What We Can Take Away from Microsoft's Earnings Call
May 02, 2014
Microsoft’s (News - Alert) CEO has been flying under the radar since his tenure began, but recent events have given the public a few opportunities to get to know him and what is in store for the company looking into the near future.
Satya Nadella (News - Alert) did his first earnings call for the company’s fiscal third quarter. Key points made during the call put the cloud on the list of things to watch for; Microsoft has made mobile and cloud-computing initiatives part of its strategic direction, and insight into those business efforts will garner attention from investors and industry analysts.
According to Nadella, revenue from cloud-based Microsoft Office 365 productivity software more than doubled from commercial customers.
"This is gold rush time in being able to capitalize on the opportunity," Nadella said.
Nadella, who came on as CEO two months ago, is pushing for a focus on devices and software delivered over the Internet, both for Microsoft’s own Windows operating system and competitive programs. Web-based tools, such as Office software and Azure cloud services, are giving revenue a big boost, helping the company contend with declining PC sales and an inability to gain momentum in the tablets and phones market.
“Cloud continues to be a pillar of strength,” said Daniel Ives, an analyst at FBR Capital Markets & Co. “It’s not a great PC market at all, but it has become less bad.”
It’s becoming more evident that cloud computing is on the up and up. Software vendors are scurrying to re-architect their tools and re-evaluate the requirements of both their users, and the devices they use to access them. They are all working hard to do away with desktop tools we've become accustomed to, and deliver them in ways that will be more sustainable and functional for everyone.
Cloud computing is transforming a range of industries as more people see the benefit of services which don’t require them to install software or hardware.
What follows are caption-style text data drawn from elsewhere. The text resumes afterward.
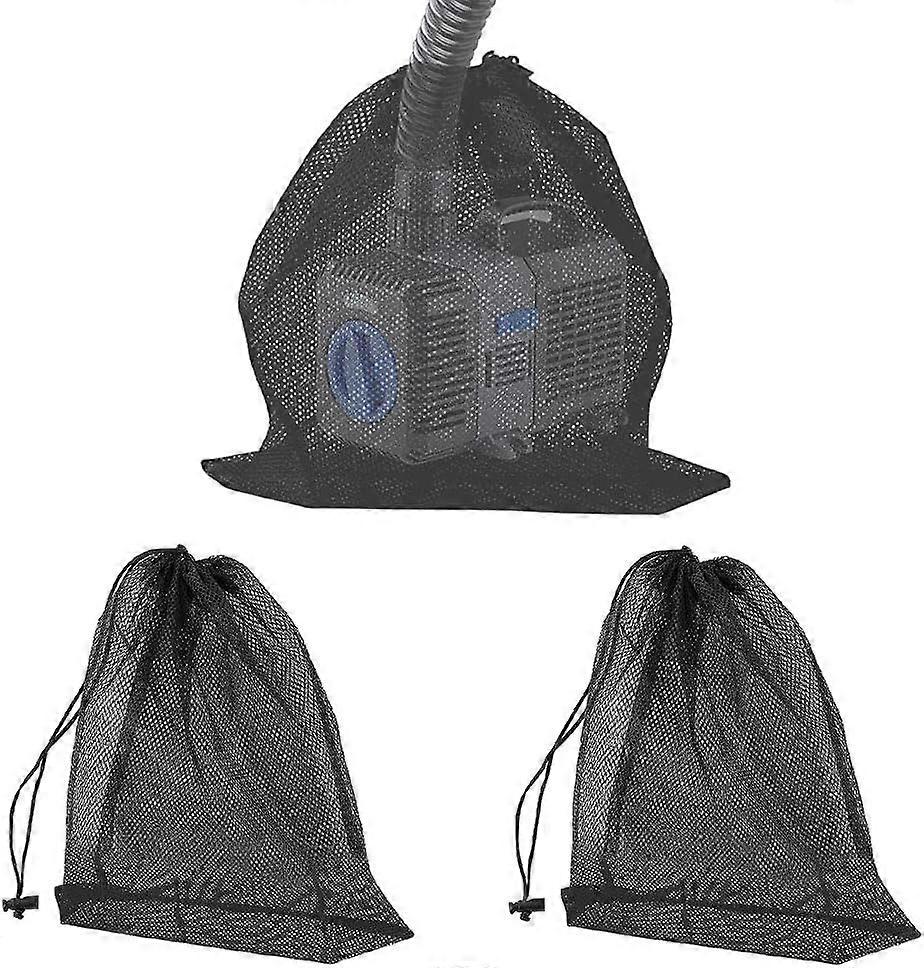 PCS Pump Filter Mesh Bag Pond Pump Filter Bag with Drawstring Water Pump Filter Bag Pump Barrier Bag for Outdoor Pond Filter(40*30cm)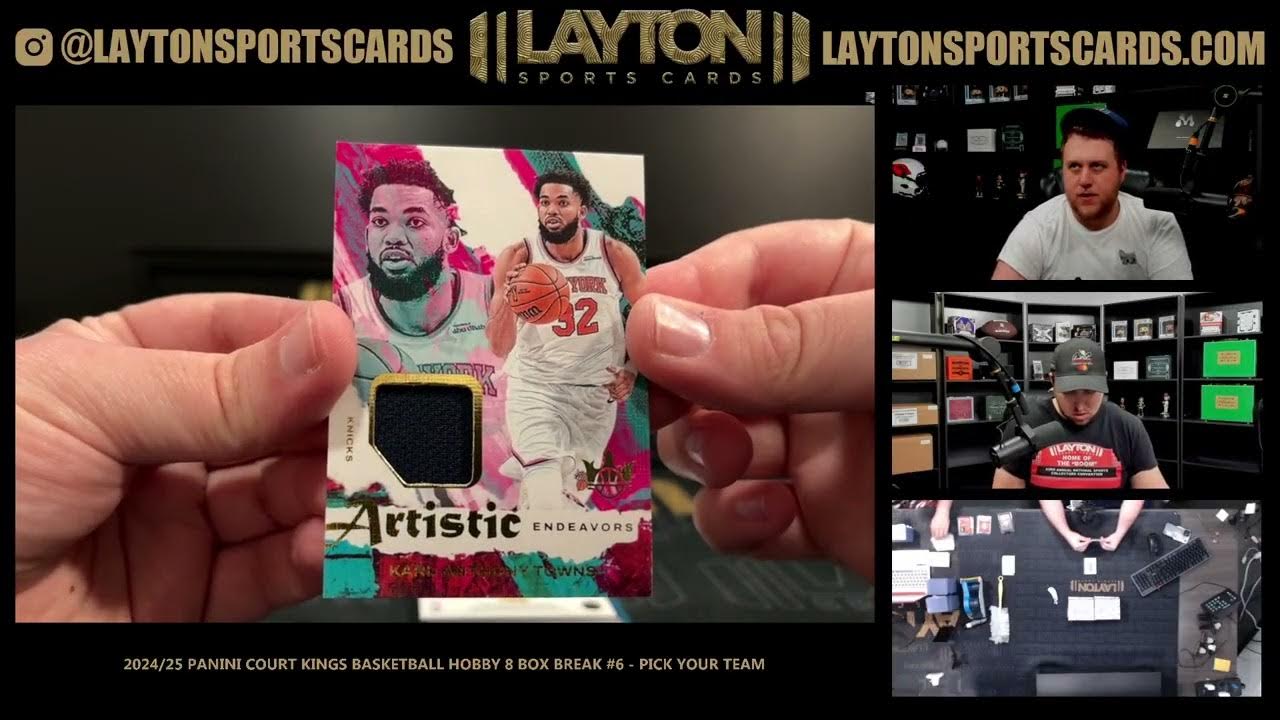 2022-23 Panini Court Kings Basketball Checklist, Set Details, Box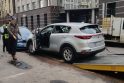 Avarija miesto centre: „Bolt“ vairuotojas pristatytas į ligoninę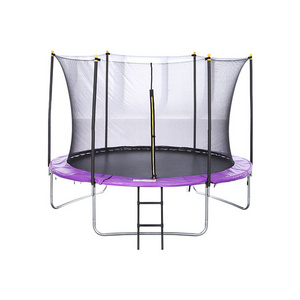 Zoshine manufacturer trampoline 10ft 12ft 14ft 16ft big jumping kids trampoline outdoor with enclosure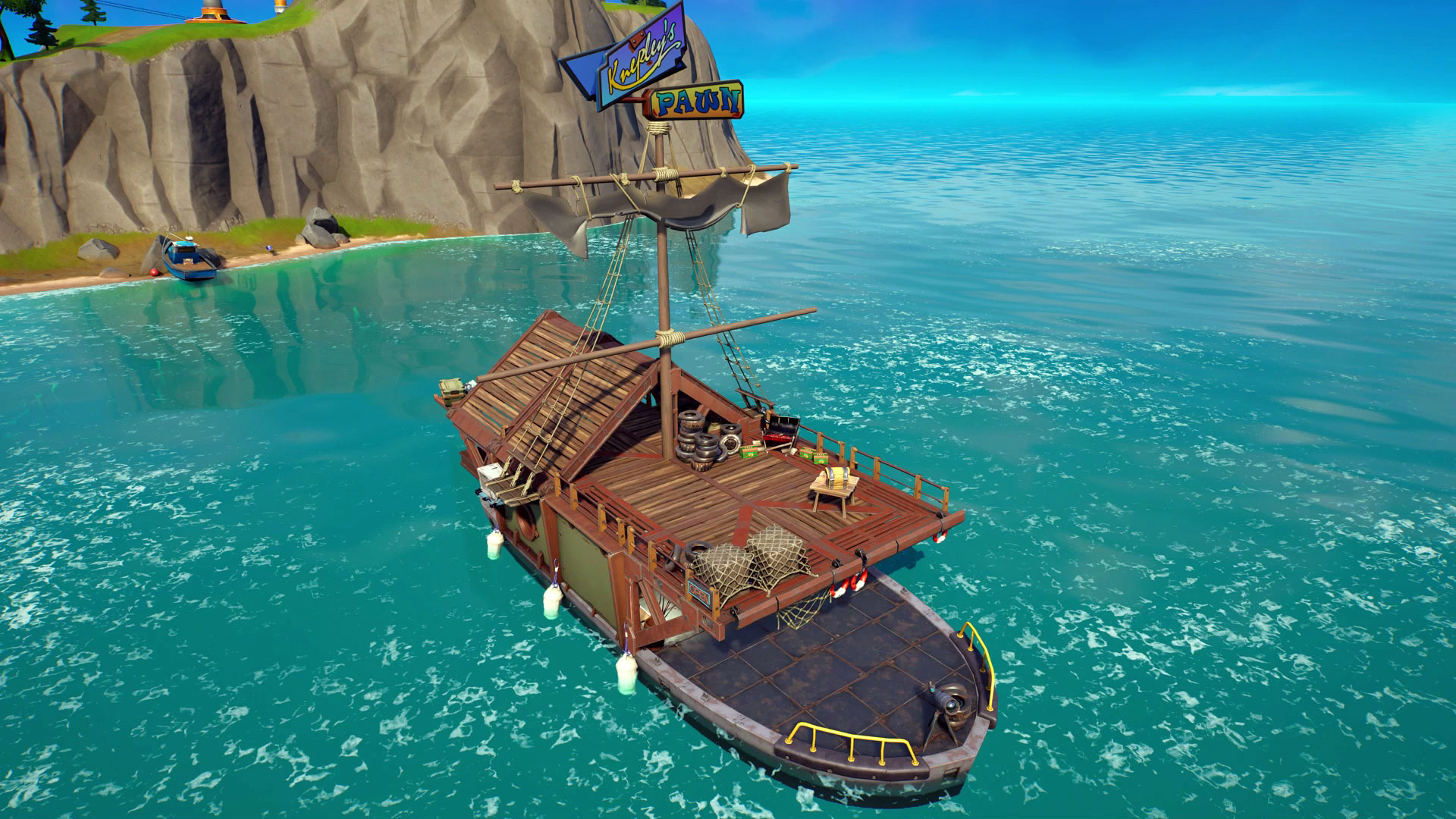 Where to visit Fortnite Adrift or Pawntoon in a Motorboat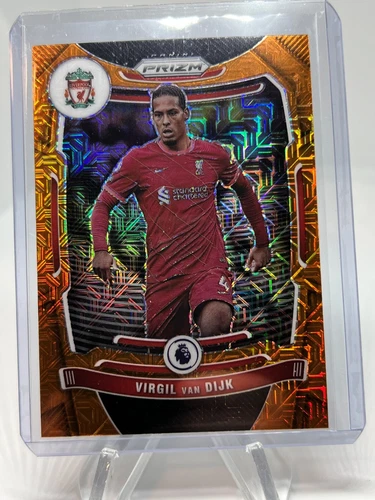 Virgil van Dijk 2021 Panini Prizm Orange Mojo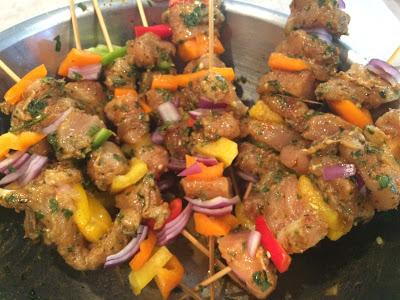 Fajitas de Poulet en Brochette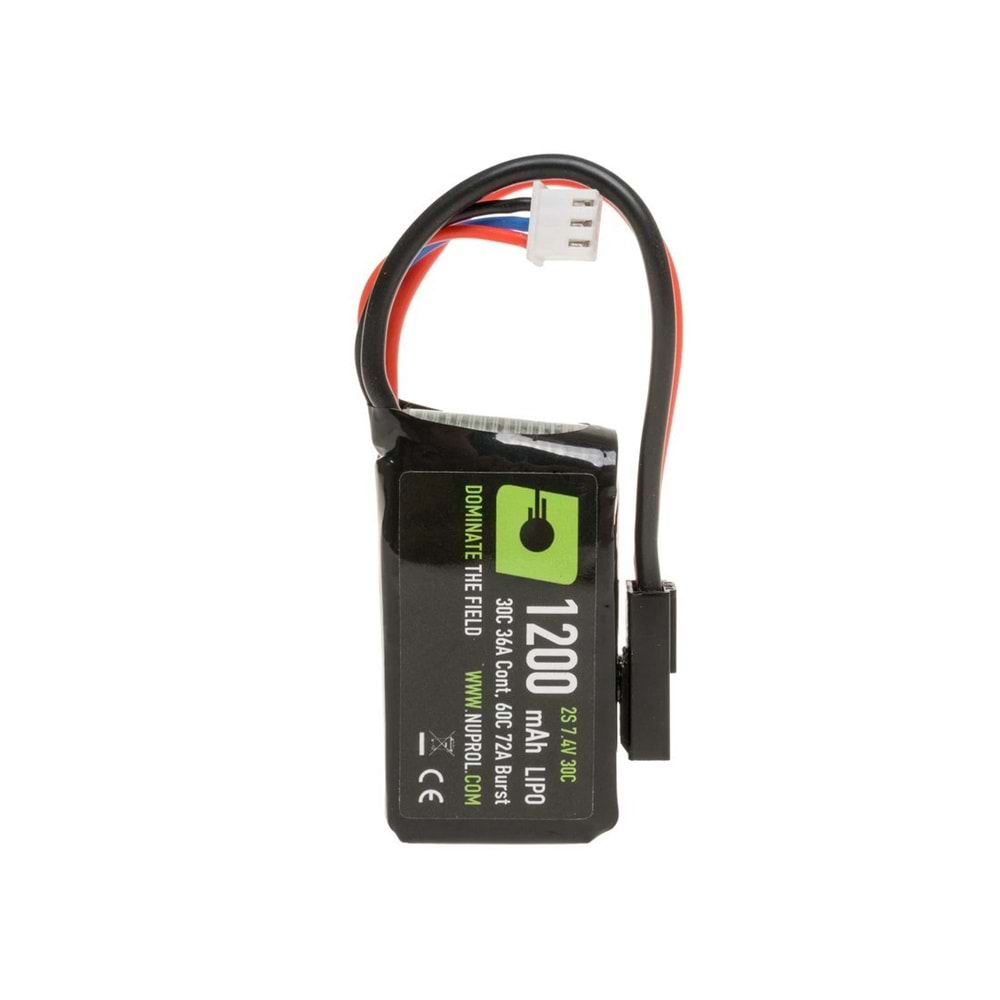 NUPROL 7.4v 1200mAh LiPo Dipçik/PEQ Tipi Pil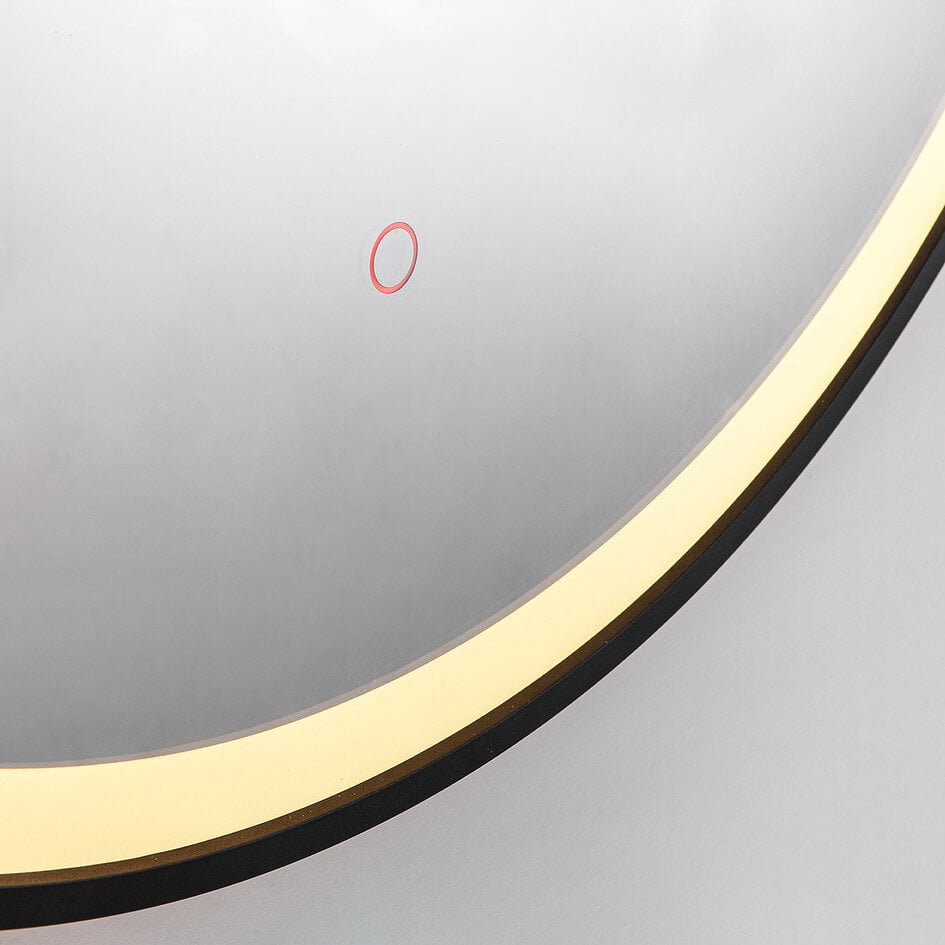 Badezimmerspiegel Radi Ø80 cm - Touch dimmbar, farbverstellbar mit Heizung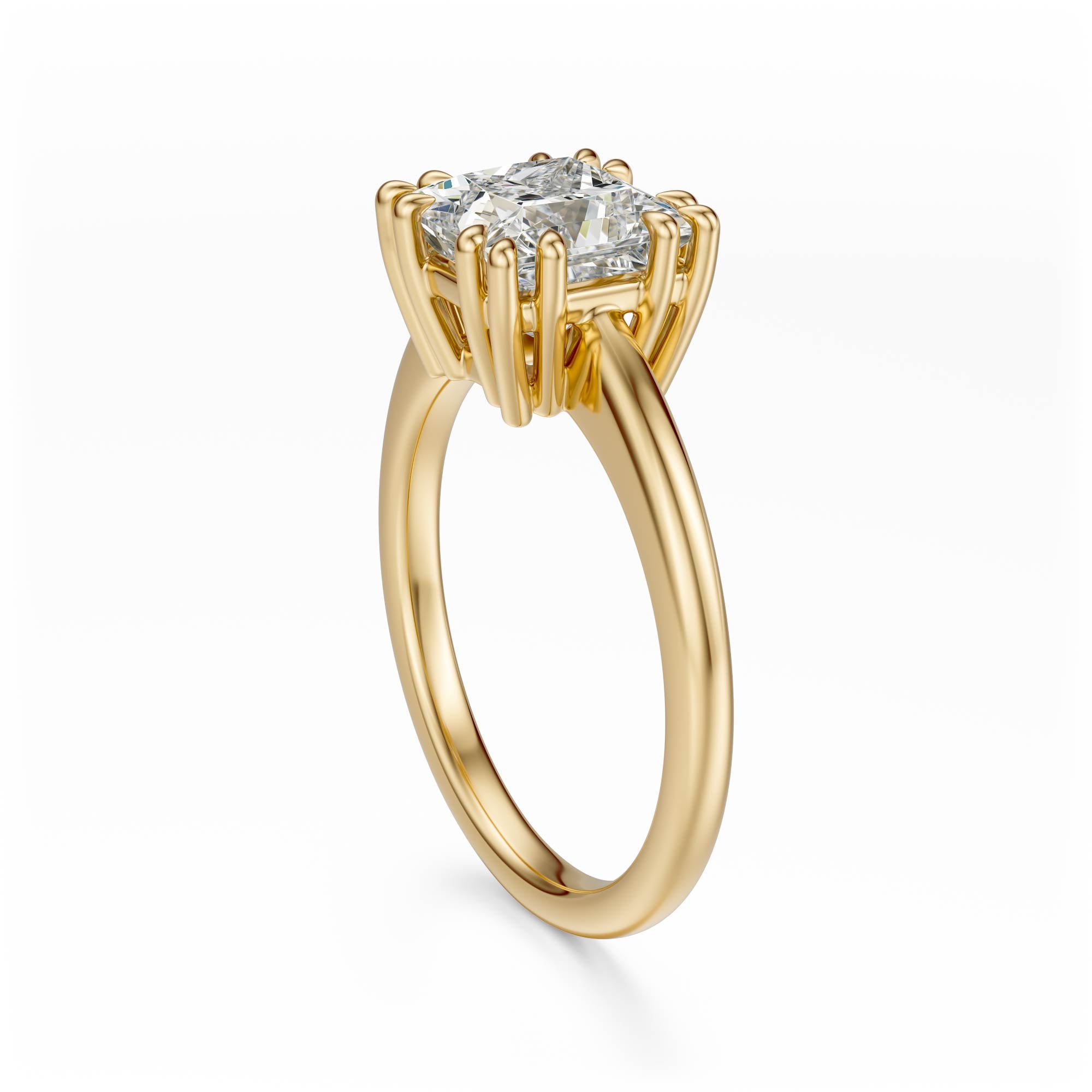 The Thalassa Ring | Princess | Setting Only - Lavender Creek Gems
The cloud has the potential to fundamentally change the way people think about and use automation and control, so as the physical counterparts are slowly declining in sales, companies like Microsoft are hopping on the cloud to see where it takes them. The numbers, if nothing else, are promising.
Many companies today are moving to cloud applications to help them respond to the rapid advances in today’s market environment while simultaneously ditching many of the high costs and hassles of maintaining complex internal systems. Microsoft sees that, and is harnessing it on both the commercial and consumer levels.